++++ Records to process
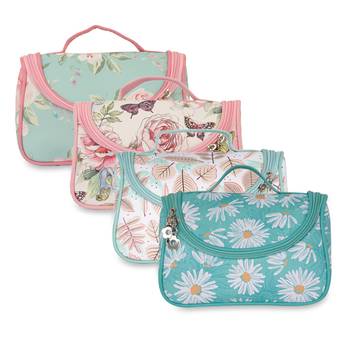NFI essentials Floral Print Cosmetics Pouch Makeup Pouch Vanity Case Jewellery Pouch  (Pack of 4) 1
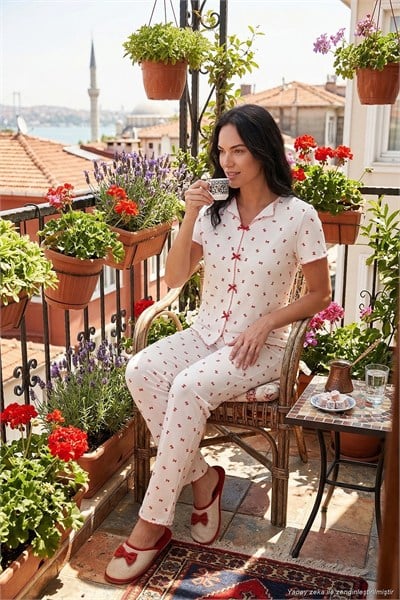 Regular Fit Desenli V Yaka Kısa Kollu Kadın Pijama Takımı 65770836 BEYAZ-KIRMIZI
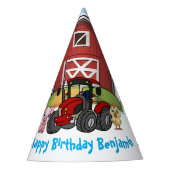 Boerderij Dierenplezier Rode Schuur & Rode Tractor Feesthoedjes (Voorkant)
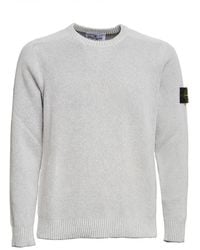 Stone Island - Truien & Vesten ,Grijs ,Katoen Geribbelde Gebreide Trui Met Ronde Hals - Lyst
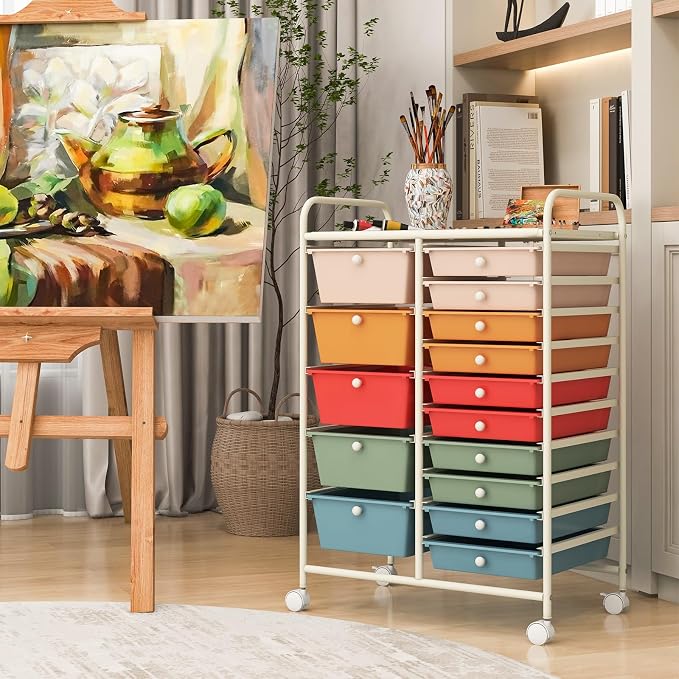 COSTWAY 15 Drawers Storage Cart, Mobile Tools Scrapbook Paper Organizer Cart - Image 7
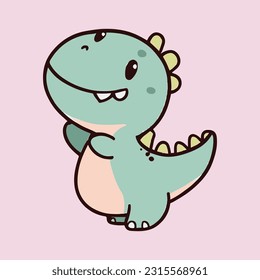 kawaii cute happy dinosaur t shirt design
++++++++
## Instructions to follow
Set the listing down verbatim, excluding pictures.

## Answer box
NFI essentials Floral Print Cosmetics Pouch Makeup Pouch Vanity Case Jewellery Pouch  (Pack of 4) 1
 Regular Fit Desenli V Yaka Kısa Kollu Kadın Pijama Takımı 65770836 BEYAZ-KIRMIZI
 Boerderij Dierenplezier Rode Schuur & Rode Tractor Feesthoedjes (Voorkant)
 Stone Island - Truien & Vesten ,Grijs ,Katoen Geribbelde Gebreide Trui Met Ronde Hals - Lyst
 COSTWAY 15 Drawers Storage Cart, Mobile Tools Scrapbook Paper Organizer Cart - Image 7
 kawaii cute happy dinosaur t shirt design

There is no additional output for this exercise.